**Work instructions**
Leave the pictures behind and repeat all the entries exactly.

(Beginning of Dataset records)

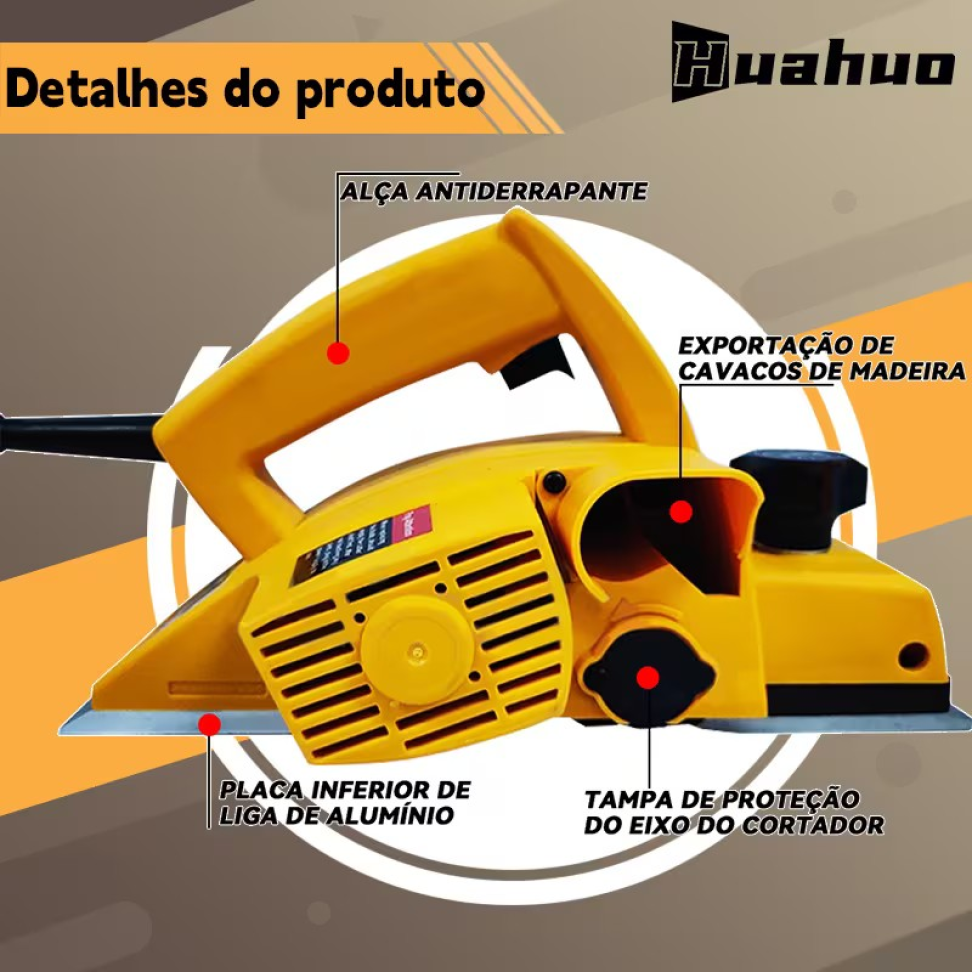 PLAINA IMPORTADA 1380W 110V. - #2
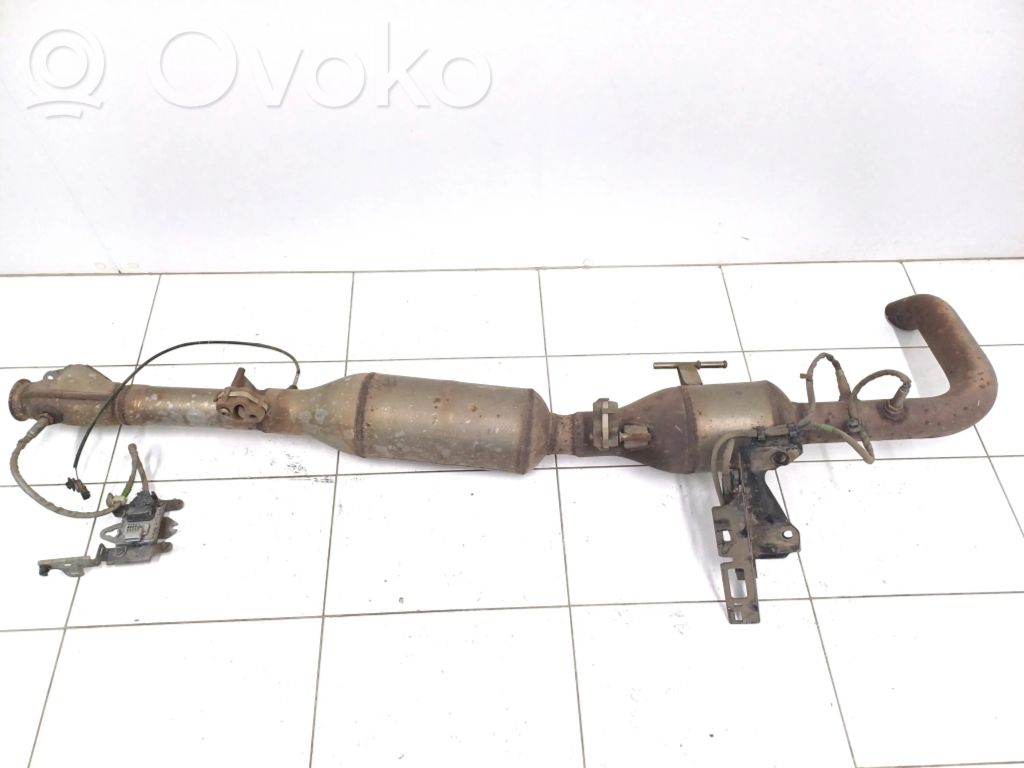 Renault Master III Filtru de particule catalizator/FAP/DPF 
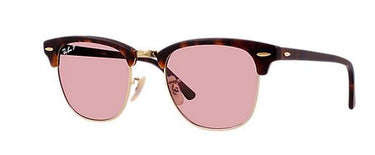 Ray-Ban Clubmaster RB6013 Mat Havana gepolariseerd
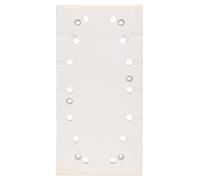 Bosch Plateau de ponçage 185 x 93 mm compatible GSS 280 A, GSS 280 AE sans auto-agrippant 2608000215
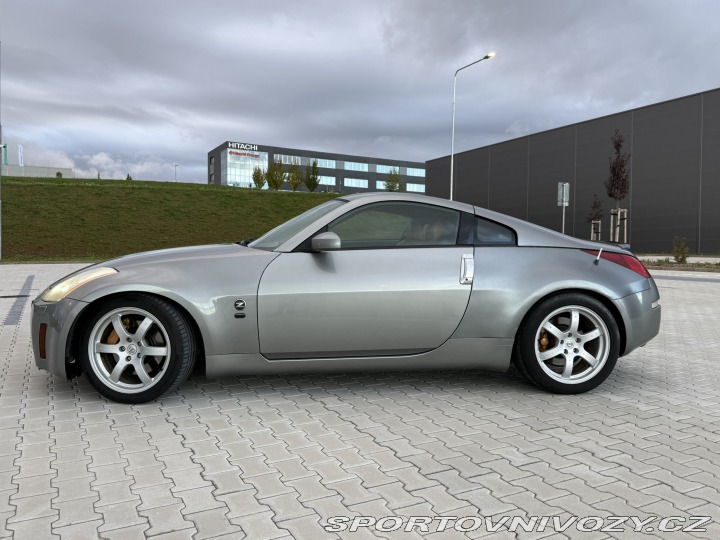 Nissan 350 Z - Nový Motor 2004
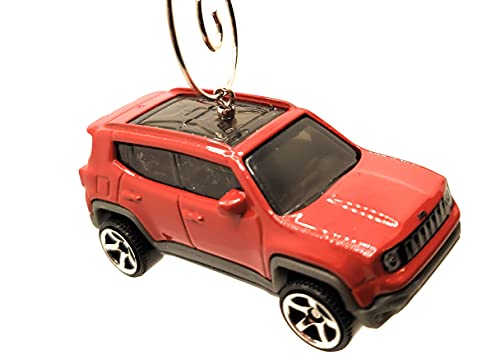 2019 for Jeep Renegade  Red Christmas Ornament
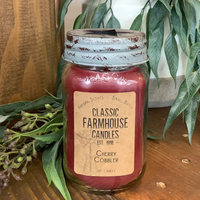 Cherry Cobbler Candle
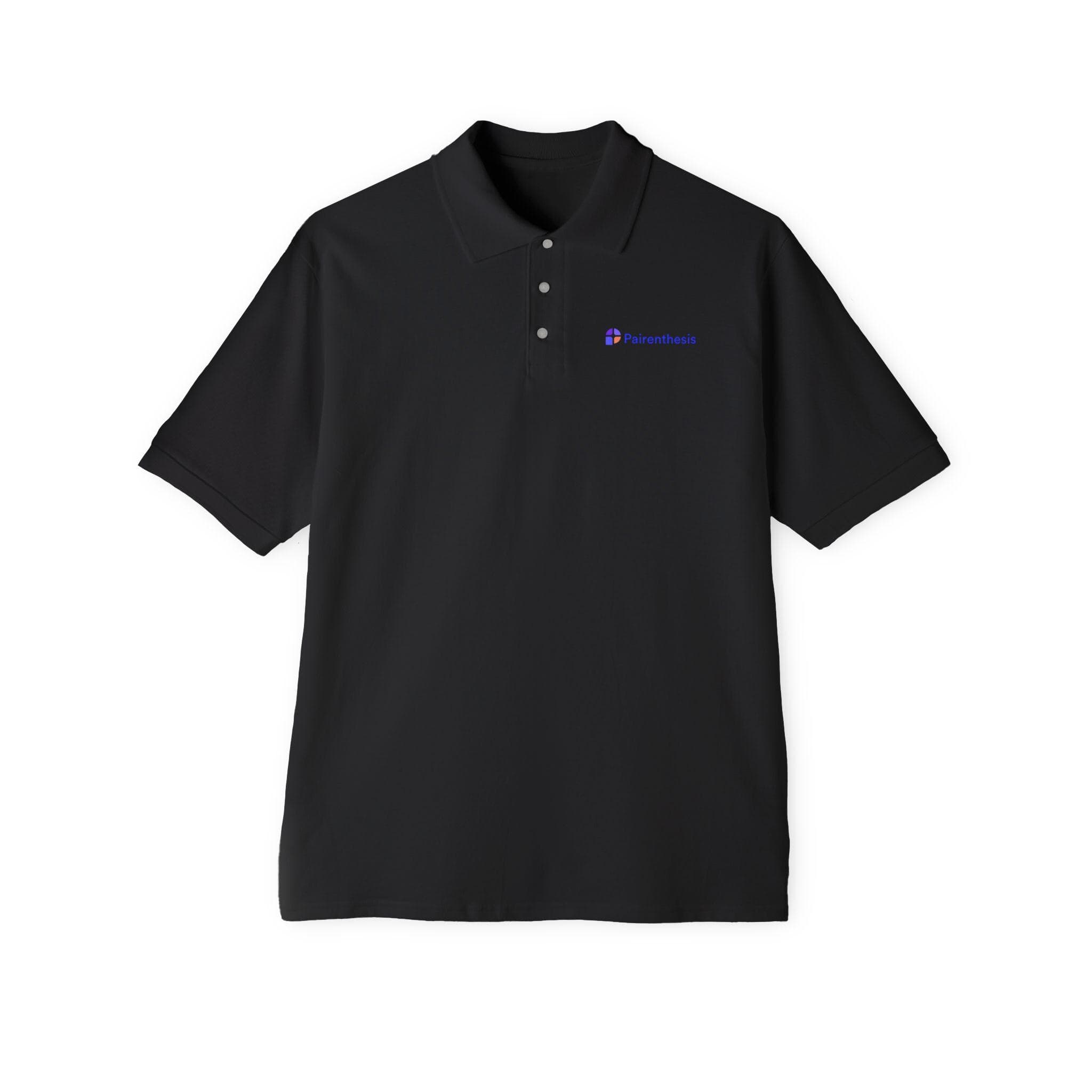 Men's Pairenthesis Polo - image 3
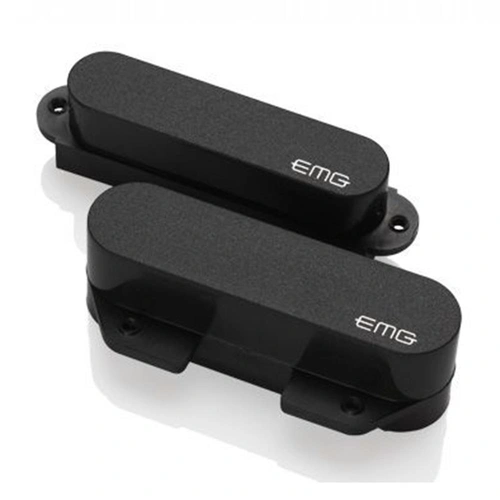 EMG TC Set Active Telecaster Ceramic Magnet Electric Guitar Pickup Black
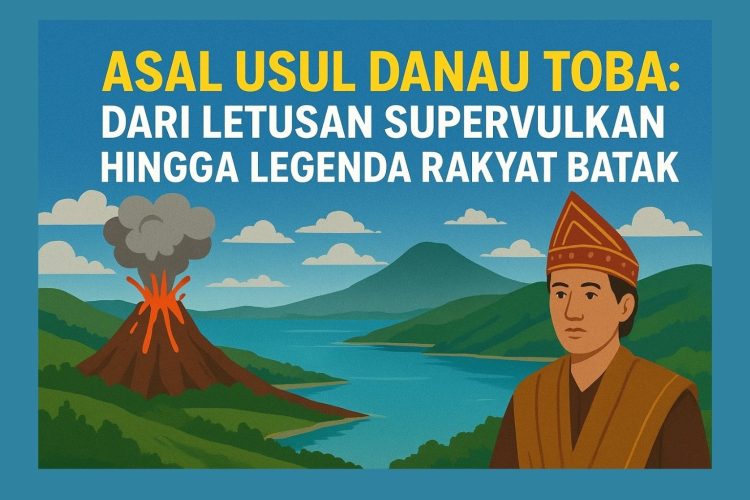 Asal Usul Danau Toba Dari Letusan Supervulkan hingga Legenda Rakyat Batak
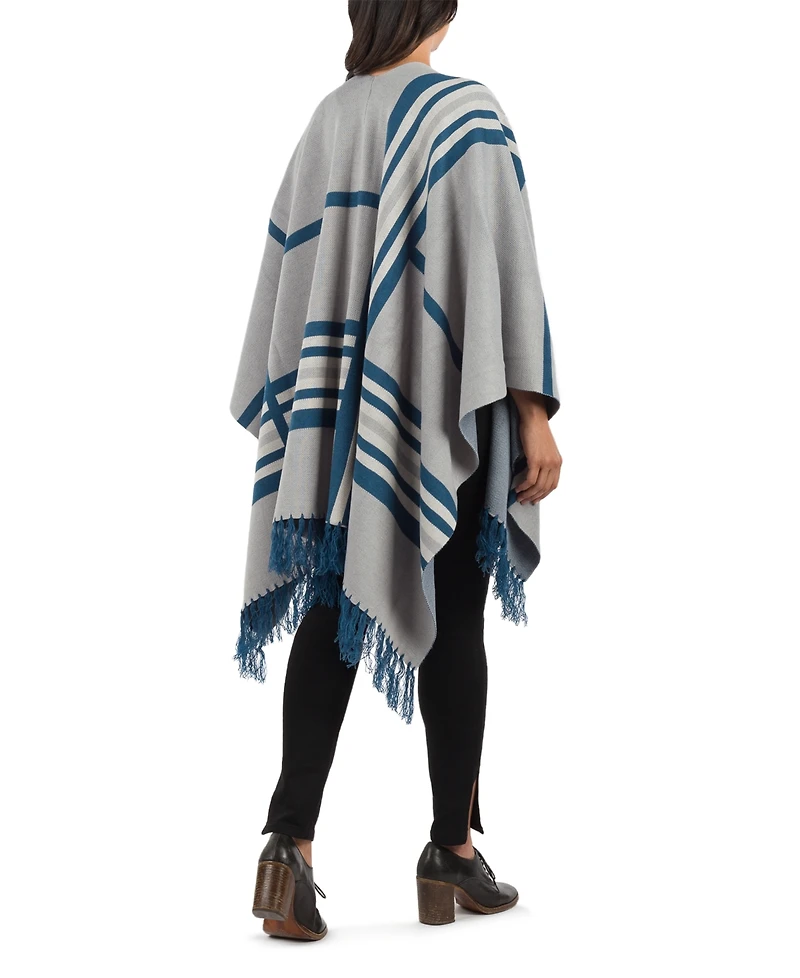 Patricia Nash Women's Striped Shawl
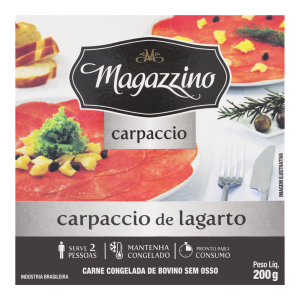 Carpaccio MAGAZZINO Caixa 200g
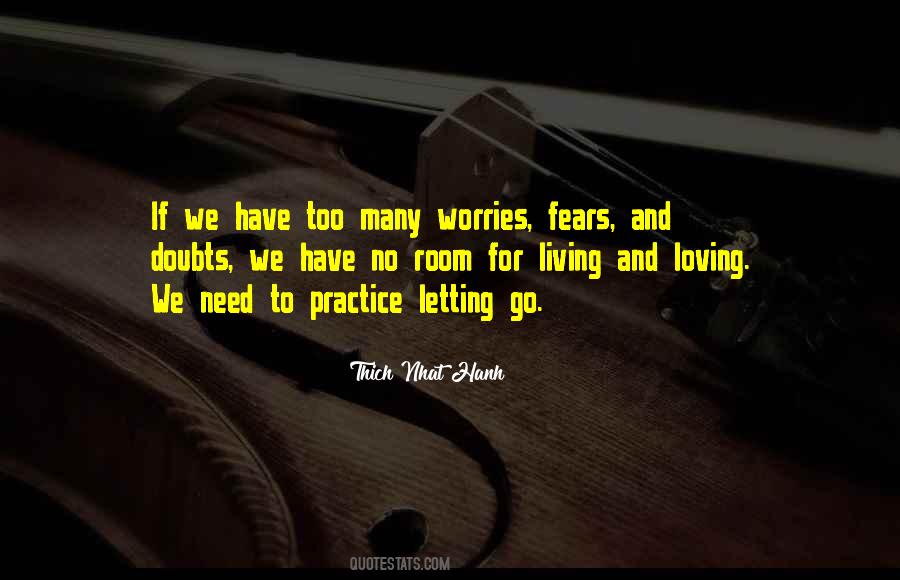 Quotes About Worries And Fears #391399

(End of Dataset records)

**Answer below**
 PLAINA IMPORTADA 1380W 110V. - #2
 Renault Master III Filtru de particule catalizator/FAP/DPF 
 Ray-Ban Clubmaster RB6013 Mat Havana gepolariseerd
 Bosch Plateau de ponçage 185 x 93 mm compatible GSS 280 A, GSS 280 AE sans auto-agrippant 2608000215
 Nissan 350 Z - Nový Motor 2004
 2019 for Jeep Renegade  Red Christmas Ornament
 Cherry Cobbler Candle
 Men's Pairenthesis Polo - image 3
 EMG TC Set Active Telecaster Ceramic Magnet Electric Guitar Pickup Black
 Asal Usul Danau Toba Dari Letusan Supervulkan hingga Legenda Rakyat Batak
 Patricia Nash Women's Striped Shawl
 Carpaccio MAGAZZINO Caixa 200g
 Quotes About Worries And Fears #391399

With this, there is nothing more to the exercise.